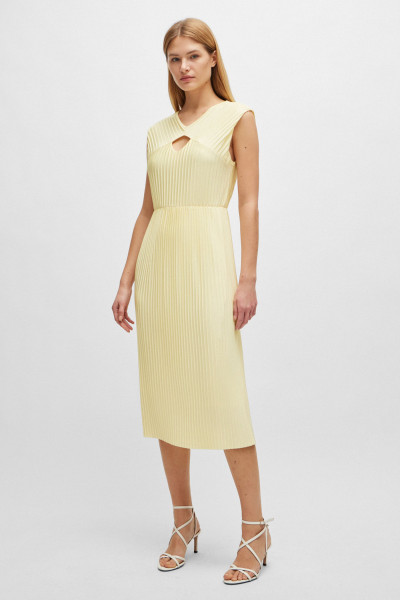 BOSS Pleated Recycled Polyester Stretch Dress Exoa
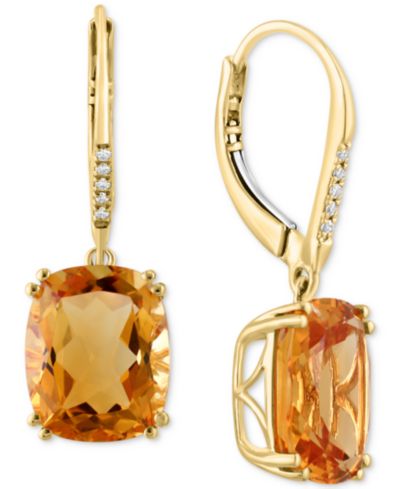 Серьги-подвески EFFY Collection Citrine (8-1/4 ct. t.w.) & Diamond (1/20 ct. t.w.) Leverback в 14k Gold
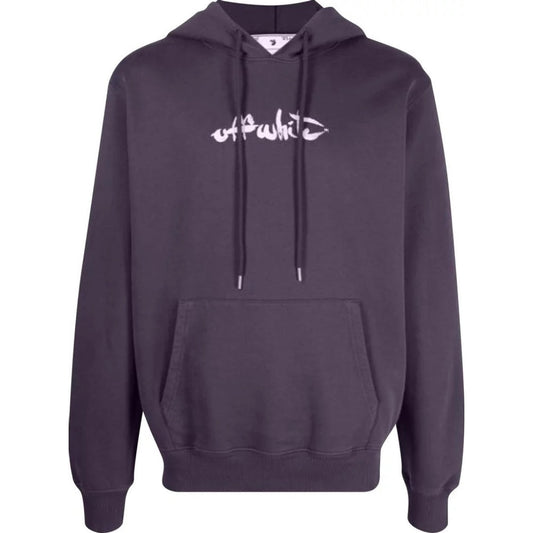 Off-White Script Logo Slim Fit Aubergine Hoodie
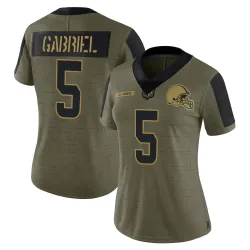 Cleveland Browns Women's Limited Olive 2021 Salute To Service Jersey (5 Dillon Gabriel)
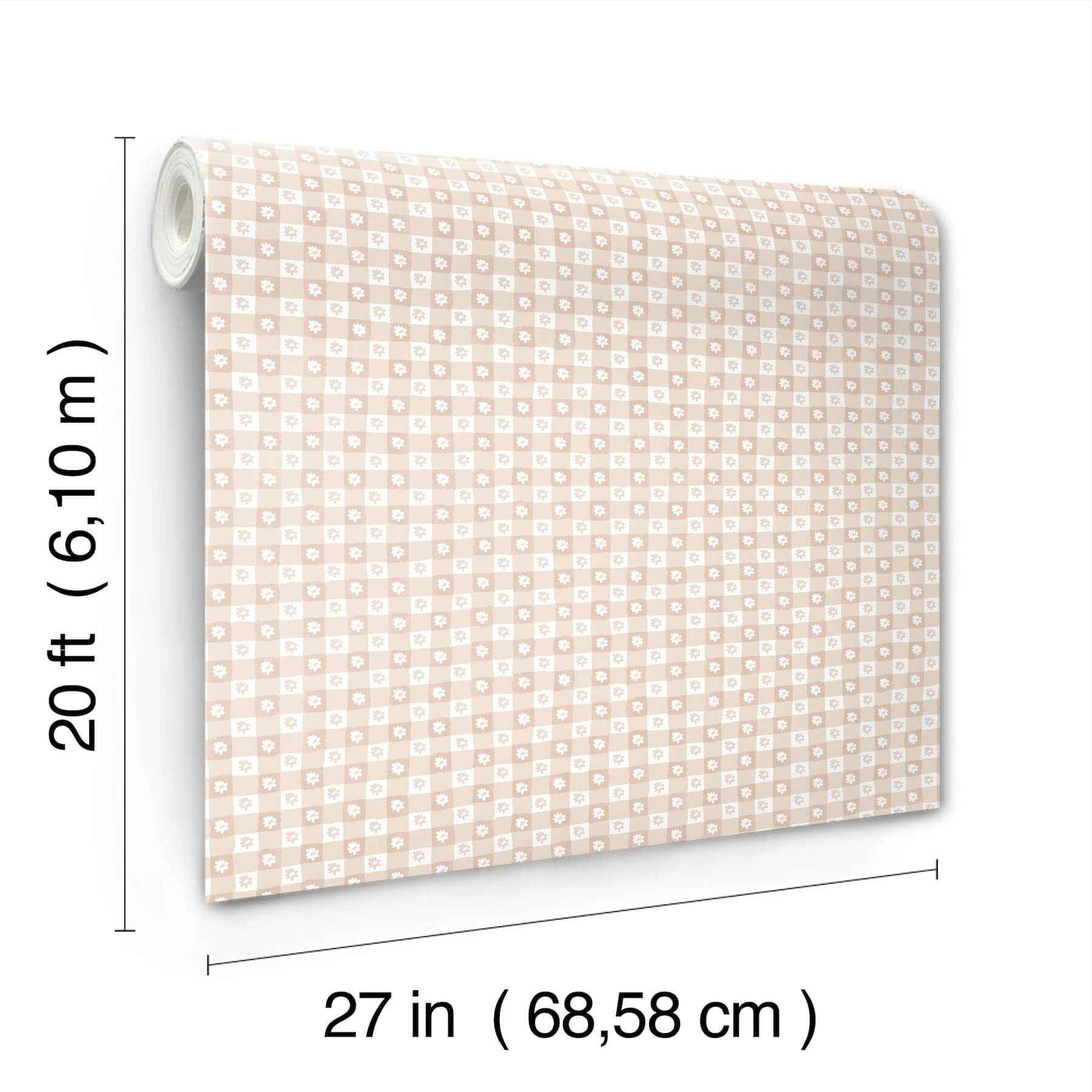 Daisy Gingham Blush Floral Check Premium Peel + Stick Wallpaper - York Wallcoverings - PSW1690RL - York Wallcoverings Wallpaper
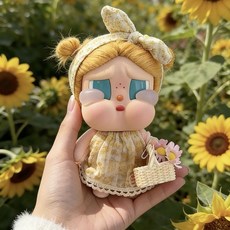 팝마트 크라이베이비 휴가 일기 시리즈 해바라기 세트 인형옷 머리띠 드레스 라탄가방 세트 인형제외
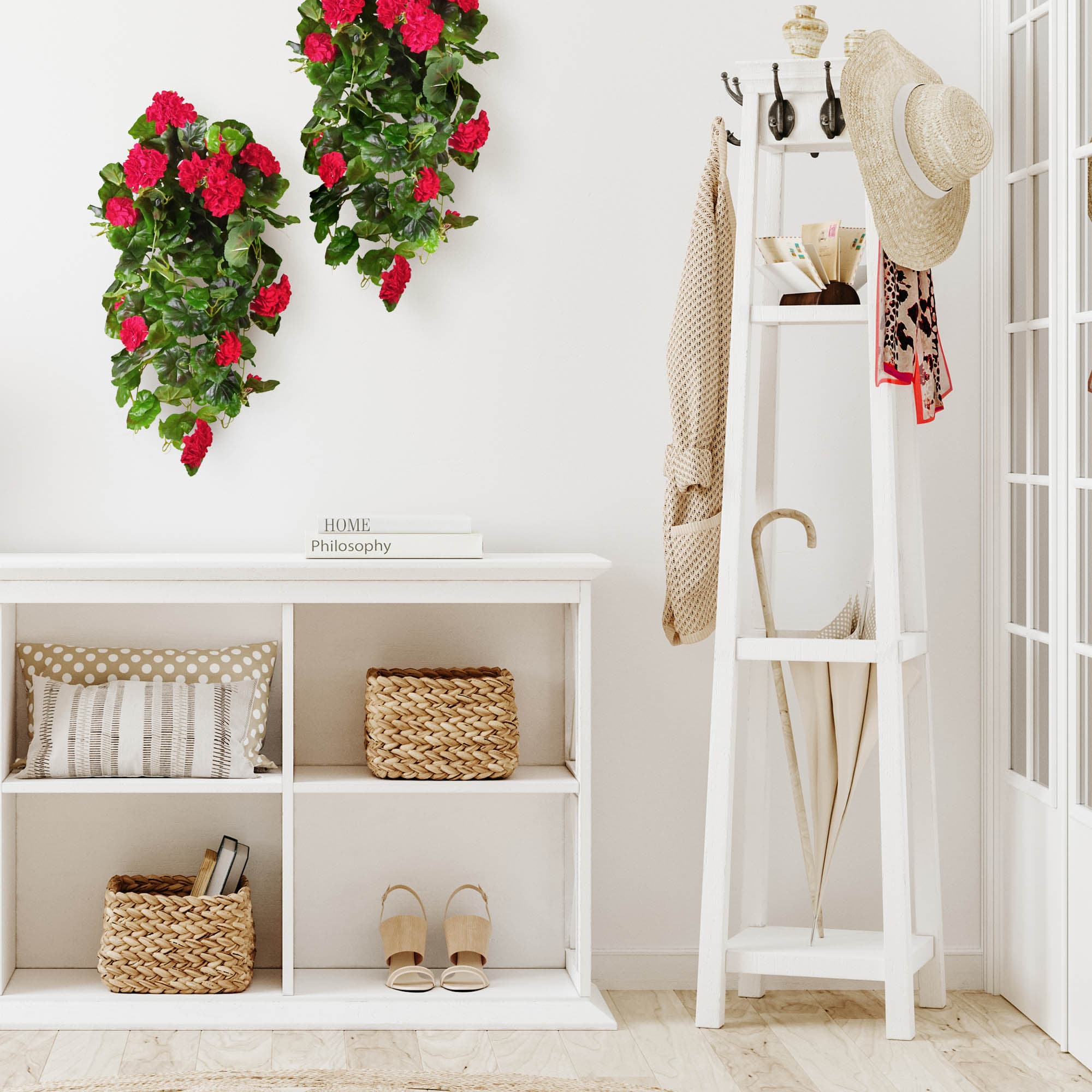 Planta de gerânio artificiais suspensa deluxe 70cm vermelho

* * *

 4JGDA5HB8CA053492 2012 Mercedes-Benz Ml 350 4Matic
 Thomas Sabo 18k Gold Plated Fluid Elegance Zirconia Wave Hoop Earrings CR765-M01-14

---

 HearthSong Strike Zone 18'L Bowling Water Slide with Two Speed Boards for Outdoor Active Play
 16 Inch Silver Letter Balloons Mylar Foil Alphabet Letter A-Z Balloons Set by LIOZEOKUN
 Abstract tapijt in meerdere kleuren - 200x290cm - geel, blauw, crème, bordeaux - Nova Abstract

● What you will do: Leaving every picture aside, reproduce exactly the lines above from the one with "BOSS Pleated Recycled" up to and including the one with "Planta de gerânio", and no others.

● Answer:
 BOSS Pleated Recycled Polyester Stretch Dress Exoa
 Серьги-подвески EFFY Collection Citrine (8-1/4 ct. t.w.) & Diamond (1/20 ct. t.w.) Leverback в 14k Gold
 Off-White Script Logo Slim Fit Aubergine Hoodie
 Cleveland Browns Women's Limited Olive 2021 Salute To Service Jersey (5 Dillon Gabriel)
 Daisy Gingham Blush Floral Check Premium Peel + Stick Wallpaper - York Wallcoverings - PSW1690RL - York Wallcoverings Wallpaper
 팝마트 크라이베이비 휴가 일기 시리즈 해바라기 세트 인형옷 머리띠 드레스 라탄가방 세트 인형제외
 Planta de gerânio artificiais suspensa deluxe 70cm vermelho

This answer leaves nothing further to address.